OpenAI Configuration:
**Note**: This configuration can replace the VLLM and TEI services for text generation and embeddings.

- `OPENAI_API_KEY`: The API key for the OpenAI service. If not set, the microservice will not use the OpenAI service.
- `OPENAI_CHAT_MODEL`: The chat model to use for the OpenAI service. Defaults to `gpt-4o`.
- `OPENAI_CHAT_TEMPERATURE`: The temperature for the OpenAI service. Defaults to `0`.
- `OPENAI_EMBED_MODEL`: The embedding model to use for the OpenAI service. Defaults to `text-embedding-3-small`.
- `OPENAI_EMBED_DIMENSION`: The embedding dimension for the OpenAI service. Defaults to `768`.
- `OPENAI_CHAT_ENABLED`: If set to True, the microservice will use the OpenAI service for text generation, as long as `OPENAI_API_KEY` is also set. Defaults to `True`.
- `OPENAI_EMBED_ENABLED`: If set to True, the microservice will use the OpenAI service for text embeddings, as long as `OPENAI_API_KEY` is also set. Defaults to `True`.`

[LangChain LLMGraphTransformer](https://api.python.langchain.com/en/latest/graph_transformers/langchain_experimental.graph_transformers.llm.LLMGraphTransformer.html) Configuration:

- `SYSTEM_PROMPT_PATH`: The path to the system prompt text file. This can be used to specify the specific system prompt for the entity extraction and graph generation steps.
- `ALLOWED_NODE_TYPES`: Specifies which node types are allowed in the graph. Defaults to an empty list, allowing all node types.
- `ALLOWED_EDGE_TYPES`: Specifies which edge types are allowed in the graph. Defaults to an empty list, allowing all edge types.
- `NODE_PROPERTIES`: If True, the LLM can extract any node properties from text. Alternatively, a list of valid properties can be provided for the LLM to extract, restricting extraction to those specified. Defaults to `["description"]`.
- `EDGE_PROPERTIES`: If True, the LLM can extract any edge properties from text. Alternatively, a list of valid properties can be provided for the LLM to extract, restricting extraction to those specified. Defaults to `["description"]`.
- `TEXT_CAPITALIZATION_STRATEGY`: The capitalization strategy applied on the node and edge text. Can be "lower", "upper", or "none". Defaults to "none". Useful as a basic Entity Resolution technique to avoid duplicates based on capitalization.
- `INCLUDE_CHUNKS`: If set to True, the microservice will include the chunks of text from the source documents in the graph. Defaults to `True`. If `False`, only the entities and relationships will be included in the graph.

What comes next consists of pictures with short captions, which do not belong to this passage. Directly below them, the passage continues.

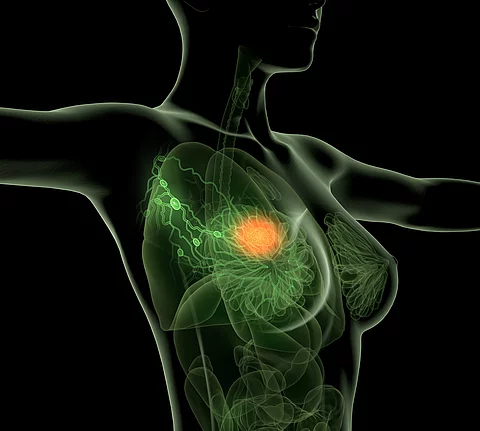 Medizinische Illustration: Tumor in der Brust orange eingefärbt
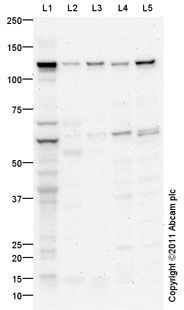 All lanes : Anti-DPYD antibody (ab95834) at 1 µg/mlLane 1 : Liver (Human) Tissue Lysate - adult normal tissue (ab29889)Lane 2 : Kidney (Human) Tissue Lysate - adult normal tissue (ab30203)Lane 3 : Spleen (Human) Tissue Lysate - adult normal tissue (ab29699)Lane 4 : Jurkat (Human T cell lymphoblast-like cell line) Whole Cell Lysate Lane 5 : THP1 (Human acute monocytic leukemia cell line) Whole Cell LysateLysates/proteins at 10 µg per lane.SecondaryGoat Anti-Rabbit IgG H&L (HRP) preadsorbed (ab97080) at 1/5000 dilutiondeveloped using the ECL techniquePerformed under reducing conditions.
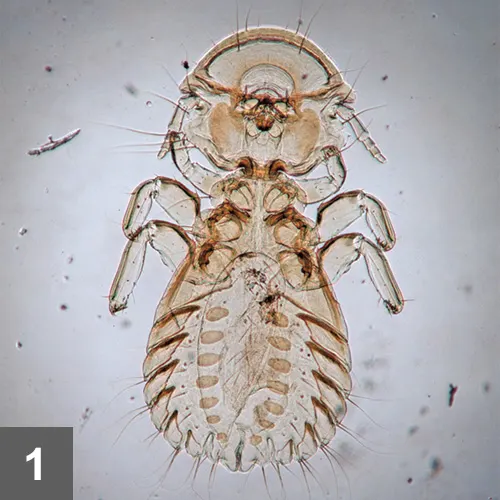 A microscopic image of a poultry louse.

Some of these parameters are also available via parameters in the API call. If set, these will override the equivalent environment variables:

```python
class DataprepRequest(BaseModel):
    ...


class ArangoDBDataprepRequest(DataprepRequest):
    def __init__(
        self,
        files: Optional[Union[UploadFile, List[UploadFile]]] = File(None),
        link_list: Optional[str] = Form(None),
        chunk_size: Optional[int] = Form(1500),
        chunk_overlap: Optional[int] = Form(100),
        process_table: Optional[bool] = Form(False),
        table_strategy: Optional[str] = Form("fast"),
        graph_name: Optional[str] = Form(None),
        insert_async: Optional[bool] = Form(None),
        insert_batch_size: Optional[int] = Form(None),
        embed_nodes: Optional[bool] = Form(None),
        embed_edges: Optional[bool] = Form(None),
        embed_chunks: Optional[bool] = Form(None),
        allowed_node_types: Optional[List[str]] = Form(None),
        allowed_edge_types: Optional[List[str]] = Form(None),
        node_properties: Optional[List[str]] = Form(None),
        edge_properties: Optional[List[str]] = Form(None),
        text_capitalization_strategy: Optional[str] = Form(None),
        include_chunks: Optional[bool] = Form(None),
        ...
```

See the `comps/cores/proto/api_protocol.py` file for more details on the API request and response models.